Père, où es-tu ?
Qu’est-ce que le père ? Le spermatozoïde ? Le géniteur ? Le personnage qui inscrit un enfant
à l’état civil ? Celui qui prodigue ses soins et transmet ses valeurs sans même être père
biologique ou père légal ?
Pour Freud, le père était un Totem. Mais, en 1953, Lacan fait un pas décisif en introduisant le
signifiant du Nom-du-Père pour souligner sa valeur symbolique et introduire une fonction.
De sorte que le père ne tient son existence que du langage, ce qui transcende le père de la
réalité… lequel est comme tel désigné par la mère !

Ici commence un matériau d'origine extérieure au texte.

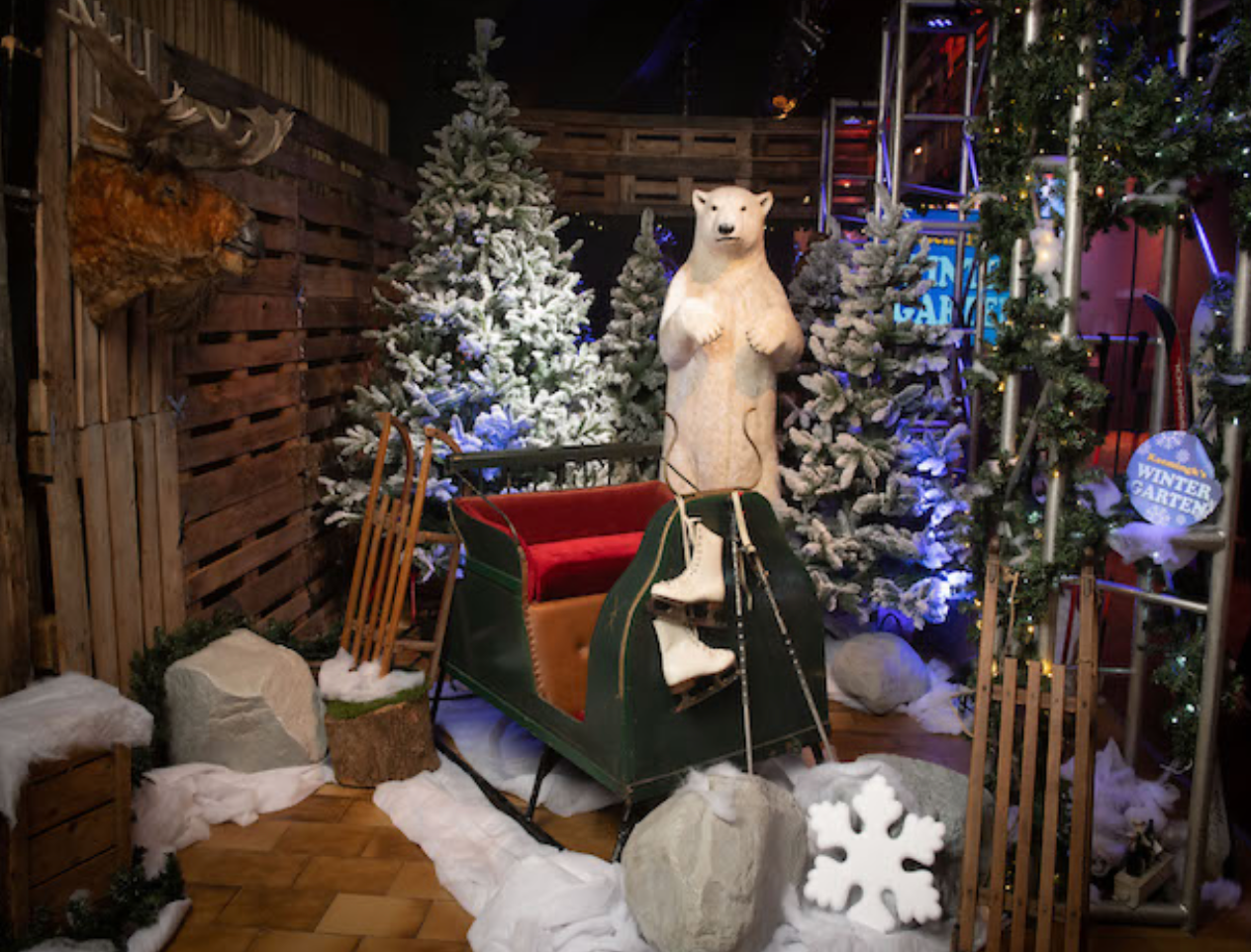 Kerstversiering met ijsbeer, slee en besneeuwde bomen.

S’écartant du mythe, Lacan, solidement appuyé sur la linguistique, s’oriente alors vers la
structure. Mais, découvrant que la métaphore ne peut rendre entièrement compte de ce
qu’est le père, il en vient à pluraliser le Nom- du -Père, tirant le père du côté de l’exception,
le père au un par un…
En 1970, Lacan a eu cette phrase : « Je crois qu’à notre époque, la trace, la cicatrice de
l’évaporation du père, c’est ce que nous pourrions mettre sous la rubrique et le titre général
de la ségrégation. Nous croyons que l’universalisme, la communication de notre civilisation
homogénéise les rapports entre les hommes. Je pense au contraire que ce qui caractérise
notre siècle, et nous ne pouvons pas ne pas nous en apercevoir, c’est une ségrégation
ramifiée, renforcée, se recoupant à tous les niveaux, qui ne fait que multiplier les barrières,
rendant compte de la stérilité étonnante de tout ce qui peut se passer dans tout un champ…
» 1
Avec le recul, quelques cinquante ans après, ces phrases prennent un accent prophétique.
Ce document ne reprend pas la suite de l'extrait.